What needs to be done: Reproduce the whole listing that follows, exactly as it stands.

Collected data:
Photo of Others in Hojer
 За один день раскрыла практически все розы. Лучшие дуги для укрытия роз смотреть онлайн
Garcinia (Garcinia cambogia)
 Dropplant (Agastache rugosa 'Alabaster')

Response area:
Photo of Others in Hojer
 За один день раскрыла практически все розы. Лучшие дуги для укрытия роз смотреть онлайн
Garcinia (Garcinia cambogia)
 Dropplant (Agastache rugosa 'Alabaster')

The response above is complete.